**Task goal**
Copy the entries word for word. Keep the pictures out.

** Opening Data listing block **

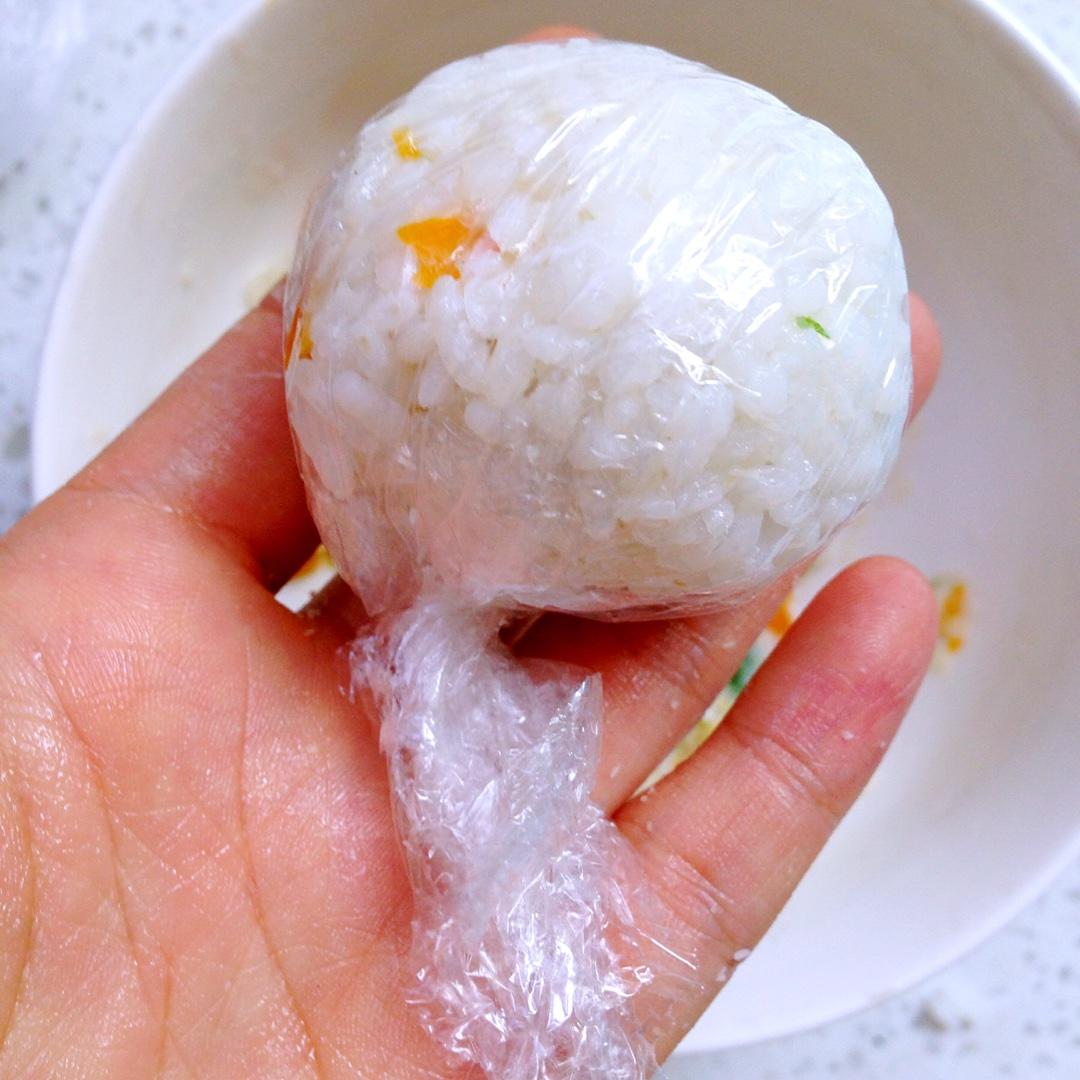鱈魚秋葵時蔬飯糰（小雪人兒童餐）的做法 步骤7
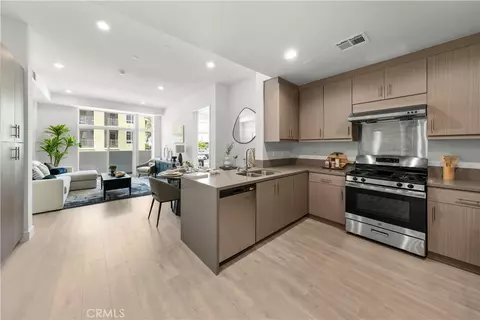 168 S Monterey St #410, Alhambra, CA 91801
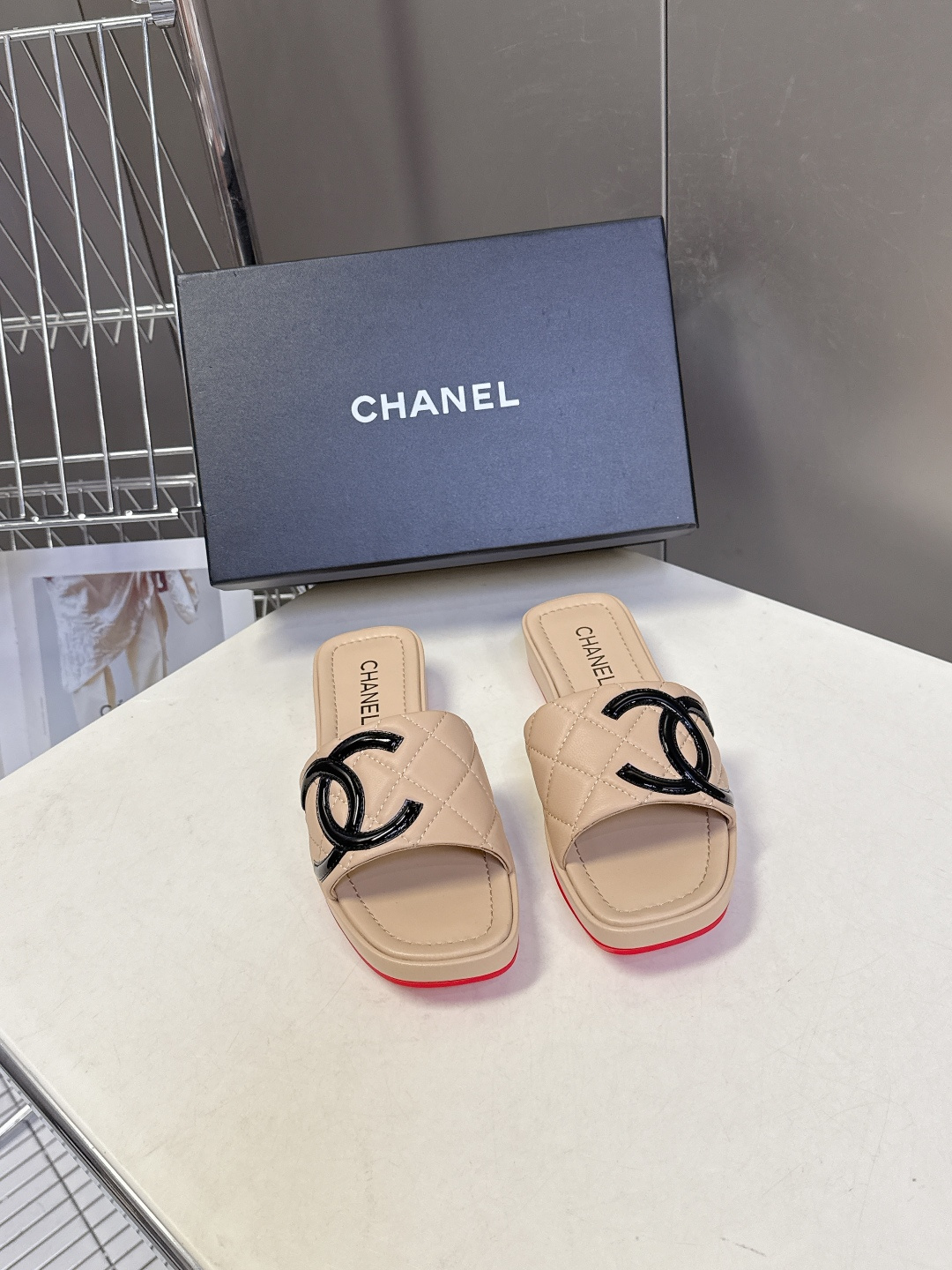 香奈儿CHANEL春夏最新款菱格纹厚底一字拖 超多明星网红种草 一字露趾凉拖设计，搭配厚底坡跟 能自然拉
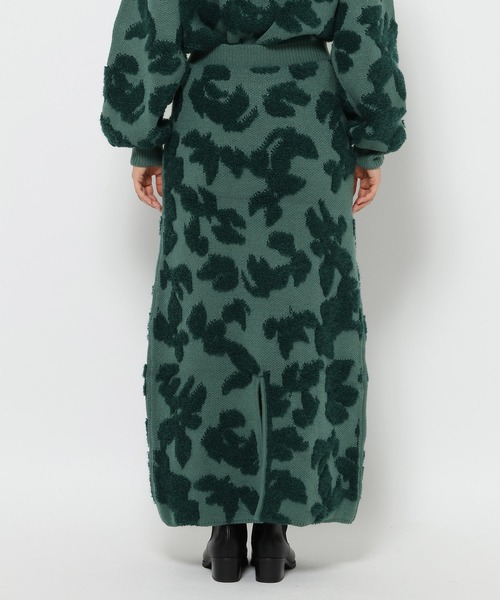 mysty woman(ミスティウーマン)の「アートフラワージャカードスカート 605430(スカート・レディース・アイボリー/ブラック/グリーン・FREE)」の15枚目の写真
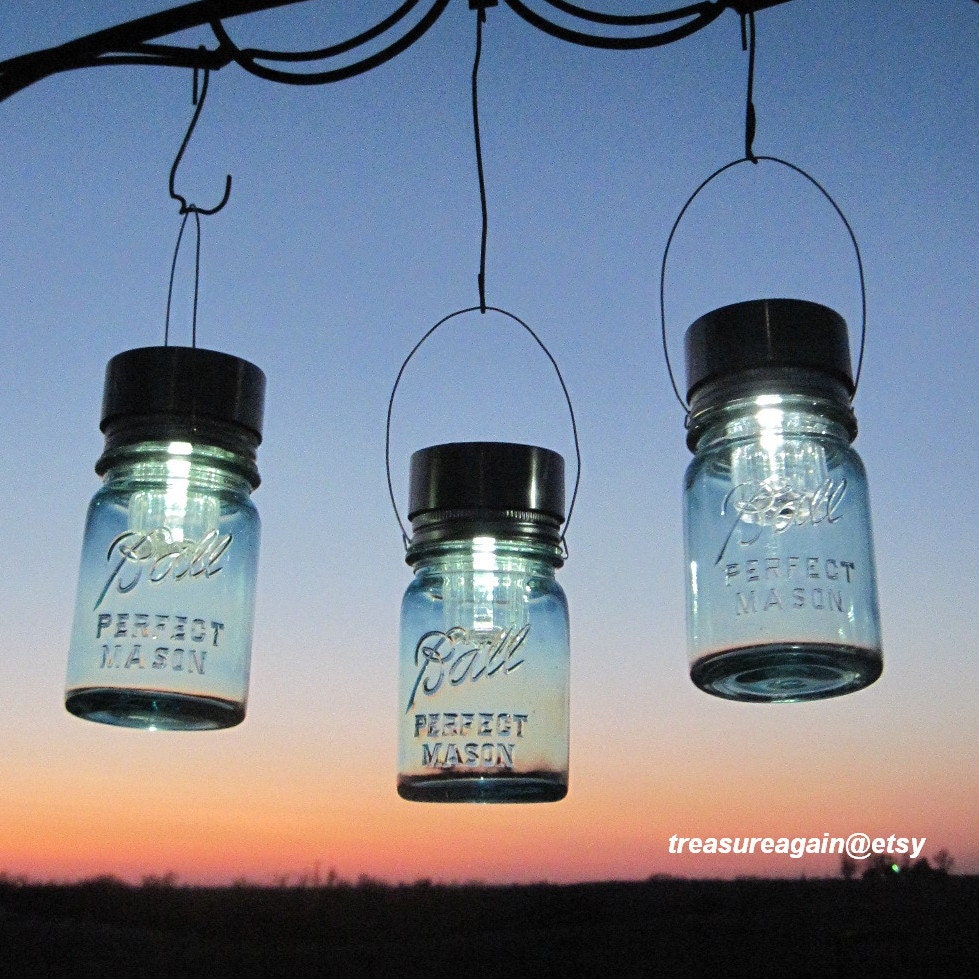 Hanging Garden Lanterns 3 Eco Friendly Gifts for Gardeners, Ball Pint Antique Blue Mason Jar Solar Lights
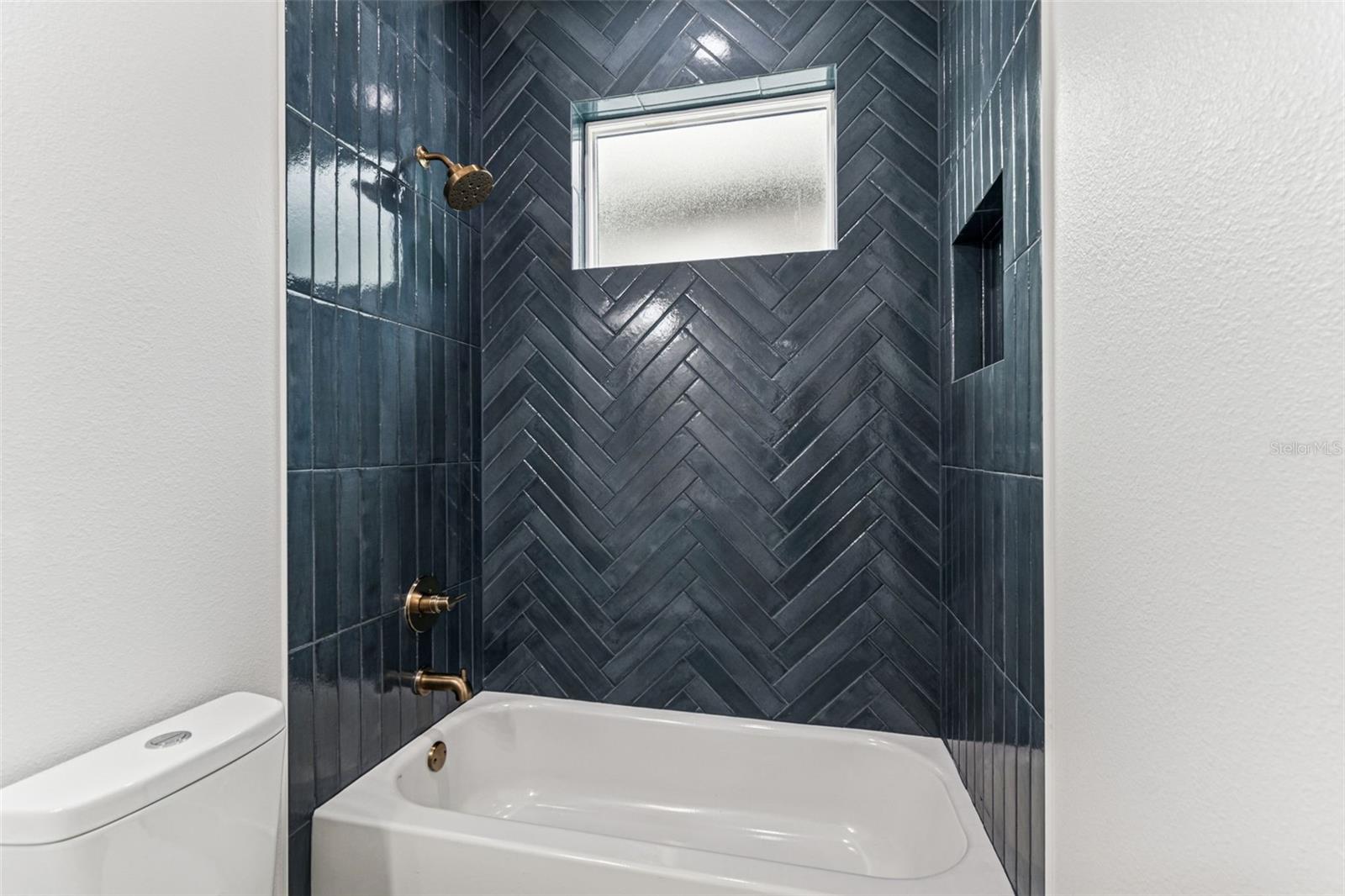 Image 22 of 49 For 2905 21st Street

** Closing Data listing block **

**Reply**
鱈魚秋葵時蔬飯糰（小雪人兒童餐）的做法 步骤7
 168 S Monterey St #410, Alhambra, CA 91801
 香奈儿CHANEL春夏最新款菱格纹厚底一字拖 超多明星网红种草 一字露趾凉拖设计，搭配厚底坡跟 能自然拉
 mysty woman(ミスティウーマン)の「アートフラワージャカードスカート 605430(スカート・レディース・アイボリー/ブラック/グリーン・FREE)」の15枚目の写真
 Hanging Garden Lanterns 3 Eco Friendly Gifts for Gardeners, Ball Pint Antique Blue Mason Jar Solar Lights
 Image 22 of 49 For 2905 21st Street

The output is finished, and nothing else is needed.